> EXERCISE DIRECTIONS
Only the pictures are to be left out; return the rest of the data exactly as it stands.

> THE DATA
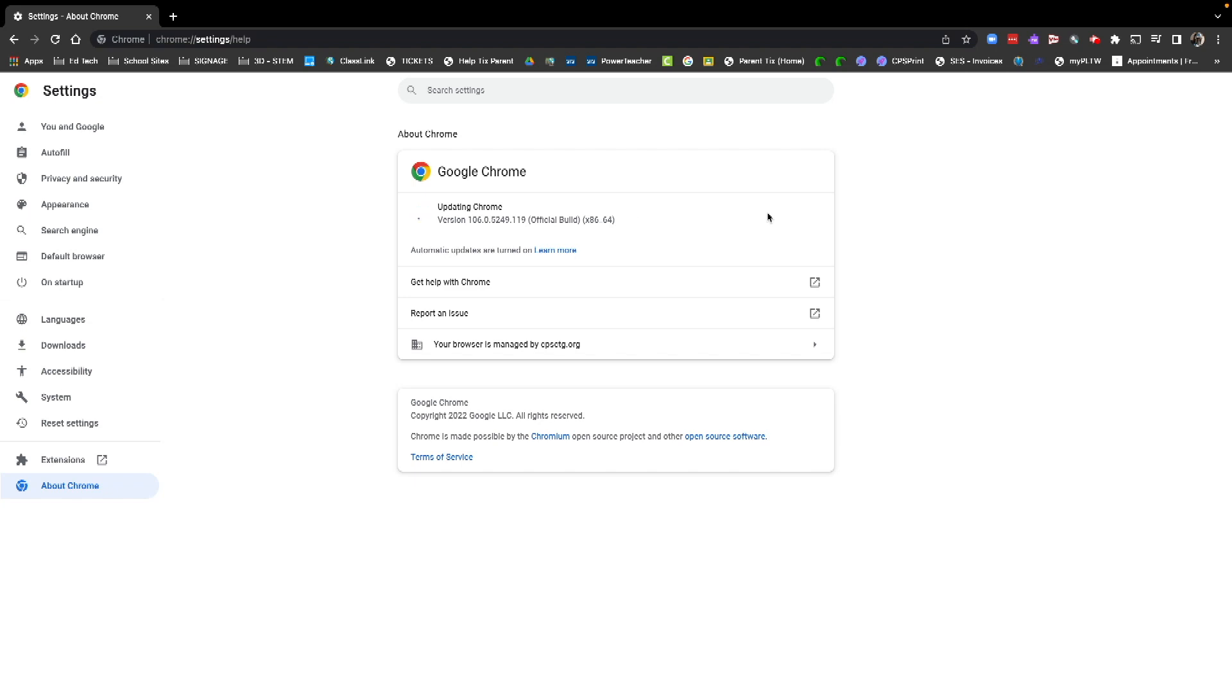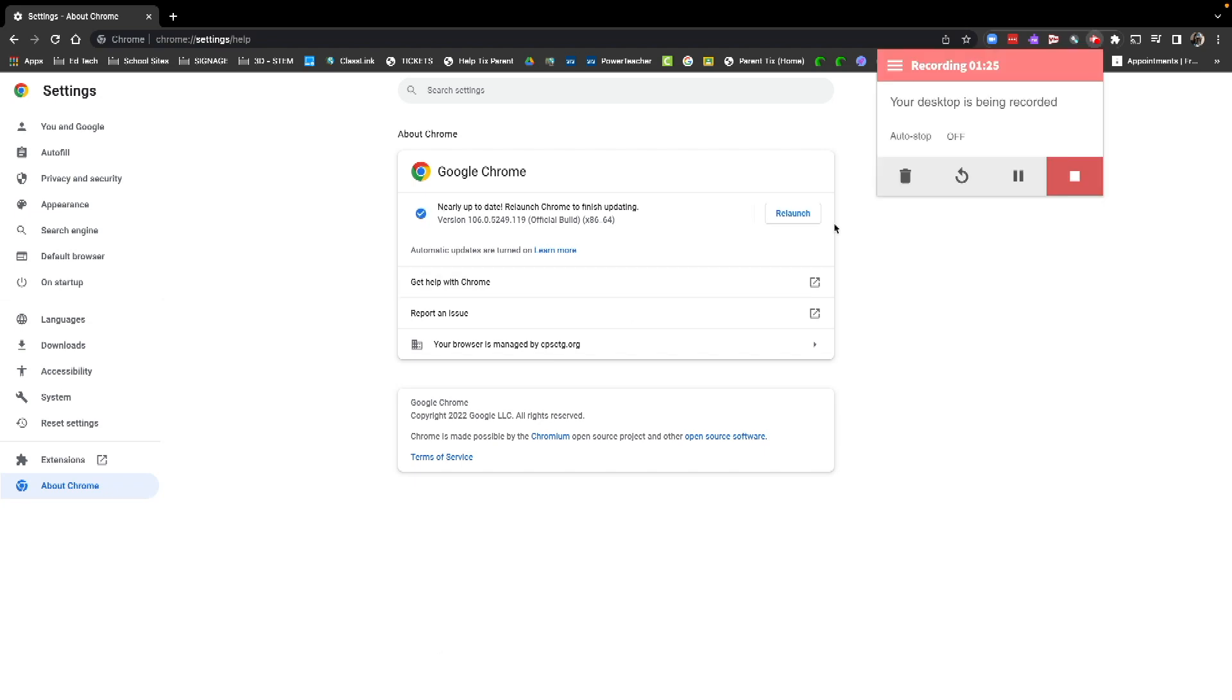Once that happens, you're going to click on that. It will restart Chrome, and you'll be able to open any previously opened tabs. As you can see, it says nearly up to date. Relaunch Chrome to finish updating. You want to go ahead and click relaunch, and that will start Chrome again with the most current update.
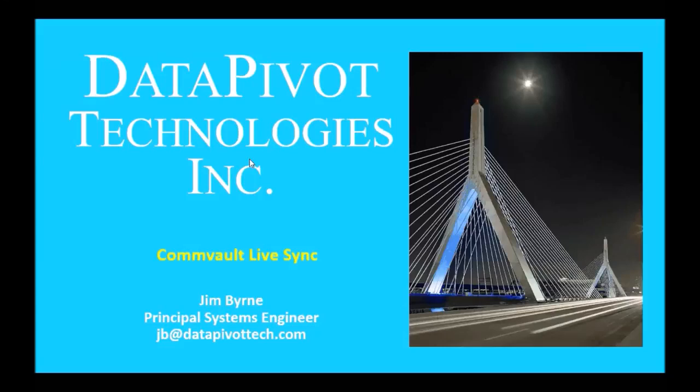Hi, my name is Jim Byrne, Principal Systems Engineer for Data Pivot Technologies. Today I'll be doing a demonstration of Commvault LiveSync.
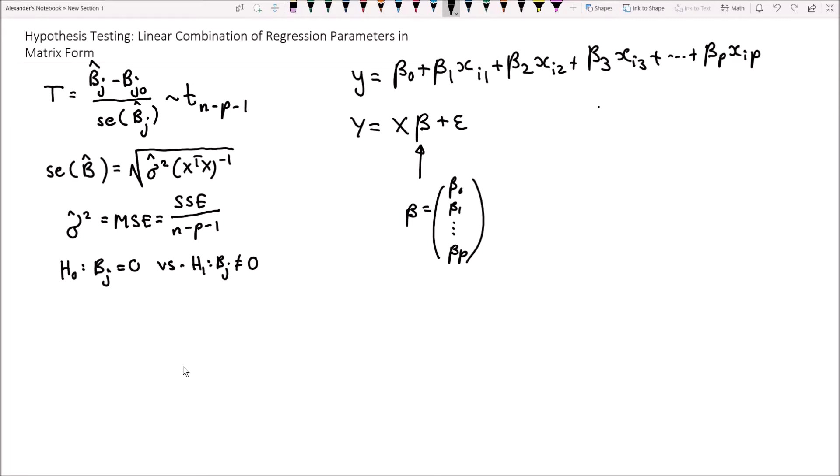Hey guys, Alexander here, and in this video we will be covering hypothesis testing on a linear combination of regression parameters in the matrix form of the linear regression problem. So let's remind ourselves first of what the general formula of the model is that we're dealing with.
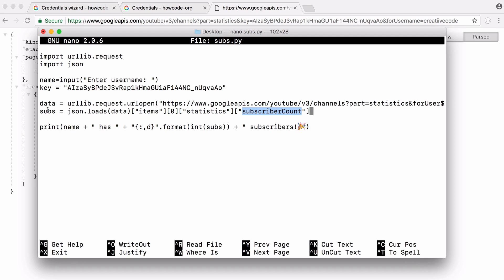Once we've done that, the number of subscribers will be stored as a string in subs. Now we print it out. We say whoever it is, how code, has a certain number of subscribers. Then we say the word subscribers and print out this emoji just because we can.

> RESPONSE
Once that happens, you're going to click on that. It will restart Chrome, and you'll be able to open any previously opened tabs. As you can see, it says nearly up to date. Relaunch Chrome to finish updating. You want to go ahead and click relaunch, and that will start Chrome again with the most current update.
Hi, my name is Jim Byrne, Principal Systems Engineer for Data Pivot Technologies. Today I'll be doing a demonstration of Commvault LiveSync.
Hey guys, Alexander here, and in this video we will be covering hypothesis testing on a linear combination of regression parameters in the matrix form of the linear regression problem. So let's remind ourselves first of what the general formula of the model is that we're dealing with.
Once we've done that, the number of subscribers will be stored as a string in subs. Now we print it out. We say whoever it is, how code, has a certain number of subscribers. Then we say the word subscribers and print out this emoji just because we can.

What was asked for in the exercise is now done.